*Aim of the exercise*
Tally up the lines below that carry the word "Black", answering with the figure alone.
*** Extracted material Section Begins ***
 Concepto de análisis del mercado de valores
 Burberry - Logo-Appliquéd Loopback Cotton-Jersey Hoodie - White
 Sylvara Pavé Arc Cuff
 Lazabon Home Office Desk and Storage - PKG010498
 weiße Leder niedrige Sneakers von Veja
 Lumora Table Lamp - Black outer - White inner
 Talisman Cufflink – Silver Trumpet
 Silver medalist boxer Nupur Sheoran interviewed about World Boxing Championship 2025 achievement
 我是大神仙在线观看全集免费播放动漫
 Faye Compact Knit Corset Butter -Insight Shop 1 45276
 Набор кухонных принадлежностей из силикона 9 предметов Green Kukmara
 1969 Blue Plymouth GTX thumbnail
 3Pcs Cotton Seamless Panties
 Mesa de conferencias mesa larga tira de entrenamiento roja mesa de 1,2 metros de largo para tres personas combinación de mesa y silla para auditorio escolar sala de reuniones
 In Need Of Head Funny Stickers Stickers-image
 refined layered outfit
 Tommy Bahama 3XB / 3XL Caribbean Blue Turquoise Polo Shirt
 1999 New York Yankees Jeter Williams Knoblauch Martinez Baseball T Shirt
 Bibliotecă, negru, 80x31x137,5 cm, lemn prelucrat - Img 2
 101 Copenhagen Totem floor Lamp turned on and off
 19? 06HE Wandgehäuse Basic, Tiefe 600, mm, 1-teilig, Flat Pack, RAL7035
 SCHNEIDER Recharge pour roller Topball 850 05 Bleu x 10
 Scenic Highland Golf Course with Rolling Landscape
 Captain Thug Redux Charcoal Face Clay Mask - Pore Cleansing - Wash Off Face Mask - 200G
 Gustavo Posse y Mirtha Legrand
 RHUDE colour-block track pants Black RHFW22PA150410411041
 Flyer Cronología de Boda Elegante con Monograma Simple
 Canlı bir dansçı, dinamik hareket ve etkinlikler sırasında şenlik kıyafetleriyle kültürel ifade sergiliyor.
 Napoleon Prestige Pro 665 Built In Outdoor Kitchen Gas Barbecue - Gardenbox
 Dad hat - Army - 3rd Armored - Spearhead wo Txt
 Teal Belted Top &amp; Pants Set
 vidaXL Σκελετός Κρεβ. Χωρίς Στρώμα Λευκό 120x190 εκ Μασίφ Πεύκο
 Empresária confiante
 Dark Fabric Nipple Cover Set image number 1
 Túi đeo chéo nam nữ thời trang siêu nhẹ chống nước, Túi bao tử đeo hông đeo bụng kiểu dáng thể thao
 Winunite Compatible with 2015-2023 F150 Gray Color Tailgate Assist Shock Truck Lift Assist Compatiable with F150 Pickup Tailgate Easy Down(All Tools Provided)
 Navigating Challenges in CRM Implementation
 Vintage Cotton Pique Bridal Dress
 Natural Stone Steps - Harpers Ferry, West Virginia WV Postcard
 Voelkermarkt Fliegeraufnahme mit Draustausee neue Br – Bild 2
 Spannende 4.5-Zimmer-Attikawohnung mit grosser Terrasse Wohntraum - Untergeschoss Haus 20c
*** Extracted material Section Ends ***
*Written response*
2